Sin que quepa adscribir semejante actitud a ninguna militancia feminista, hace tiempo ya que proliferan las mujeres que, sin más contemplaciones, tienden a clasificar a los hombres en dos grandes grupos, no necesariamente excluyentes entre sí: el de los idiotas y el de los canallas. Elizabeth von Arnim (1866-1941) era una de esas mujeres. Y como además era muy lista y tenía un gran sentido del humor, la lectura de sus novelas, todas divertidísimas, constituye una experiencia por lo general reconfortante para las propias mujeres y, para los hombres, un ejercicio bastante instructivo.

Hermida Editores ha tenido la feliz iniciativa de recuperar, justo cuando se cumplen cien años de su publicación original, y justo además en el mes de abril, una de las novelas más célebres de “la pequeña E”, como la llamaba, dada su diminuta estatura, H. G. Wells, uno de sus más estrepitosos amantes.

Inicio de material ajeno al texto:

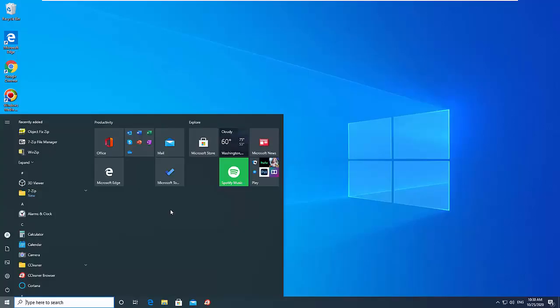Hi friends. This video will show you how to reset Windows 10 Start Menu layout to default.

Me refiero a Un abril encantado, objeto nada menos que de dos adaptaciones cinematográficas, la última de 1992, dirigida por Mike Newell.

De un modo más esquemático y mucho más liviano que el de Iris Murdoch, Elizabeth von Arnim irradia una potente moralidad, nunca exenta de causticidad

Es verdaderamente una lástima que este artículo llegue tarde para recomendarles la lectura de esta novela durante las vacaciones de Semana Santa. Pero bien pueden reservársela para las de verano (si es que tienen la suerte de poder disfrutarlas). Pues en definitiva la novela trata de eso: de unas largas vacaciones, y de los efectos benéficos que el lugar y la estación escogidos –un viejo castillo sobre la costa italiana, durante un radiante mes de abril– tienen sobre las cuatro mujeres que deciden compartirlas.

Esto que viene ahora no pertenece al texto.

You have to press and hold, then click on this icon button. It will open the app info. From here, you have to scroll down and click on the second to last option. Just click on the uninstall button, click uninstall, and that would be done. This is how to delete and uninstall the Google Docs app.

Un abril encantado (que Alfaguara publicó hace años) pertenece al género de la alta comedia, pero cabría emparentarla, también, con las comedias de Shakespeare, y muy en particular con Sueño de una noche de verano. La novela –llena por todos lados de flores, como suelen estarlo las novelas de Von Arnim– es una vibrante apología del amor hecha en clave casi pastoral. Del amor concebido como el fruto natural de la felicidad que procura un entorno literalmente idílico, como lo es sin duda el castillo que, no sin muchos escrúpulos, y a espaldas de sus maridos respectivos, deciden alquilar por un mes –el de abril, obviamente– dos jóvenes de la clase media londinense, hastiadas de la vida que llevan en la ciudad.

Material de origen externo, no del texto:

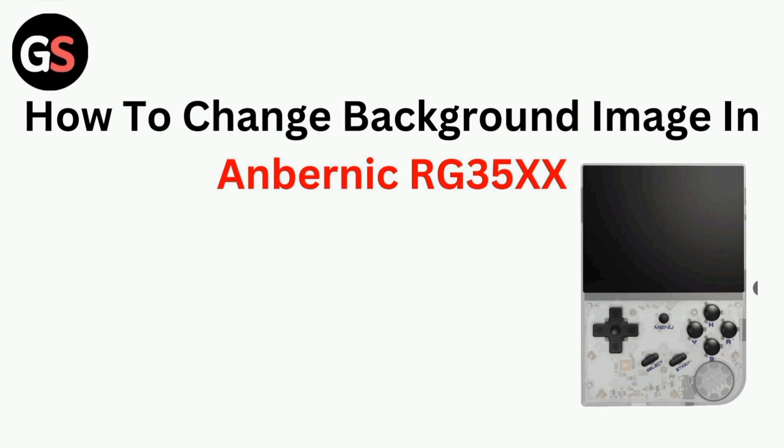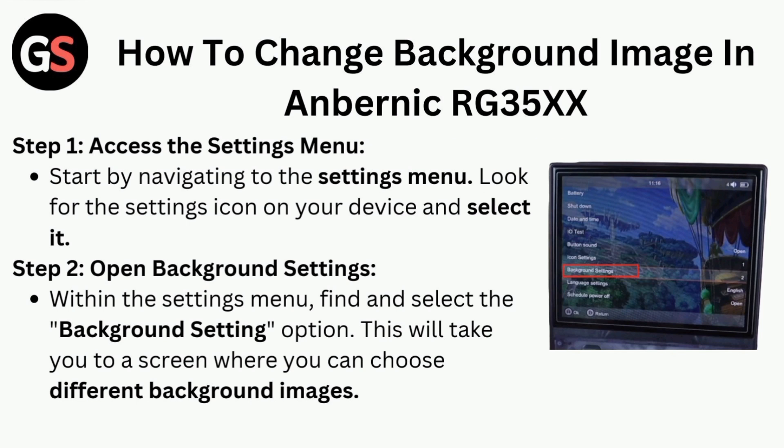Hi all, in today's video we will guide you through how to change the background image in Anbernic RG35XX.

Con espíritu resueltamente vodevilesco, Elizabeth Von Arnim traza una amable sátira de cierta sociedad inglesa de entreguerras, con sus resabios aristocráticos y victorianos, y el esforzado oportunismo de sus clases emergentes. Pero lo que aquí prevalece es la apasionada reivindicación de la felicidad como una forma de santidad. En estos términos lo experimenta Lotty, una de las protagonistas del relato: “Se estaba convirtiendo en algo así como una santa”. Ella y Rose, su socia en la aventura de alquilar el castillo, tienen, al poco de habitarlo, la sensación de estar transformándose “en simples cálices de aceptación”.

De un modo más esquemático y mucho más liviano que el de Iris Murdoch, de la que viene a ser una especie de abuela excéntrica y entrañable, Von Arnim irradia, bajo una capa de aparentes superficialidad y ñoñería, una potente moralidad, nunca exenta de causticidad. Sus observaciones son a veces de una agudeza admirable. Como la que hace lady Caroline acerca de la esclavitud que para las mujeres supone la ropa bonita: “su experiencia era que en el instante en que se la ponía la cogía a una de la mano y ya no le daba paz hasta haber ido a todas partes y haber visto a todo el mundo”.

De lo que concluye, desazonada: “Era un error pensar que una mujer bien vestida gastaba su ropa: era su ropa la que gastaba a la mujer, arrastrándola por ahí a todas horas del día y de la noche”. Una estupenda lectura del fashion-victimismo.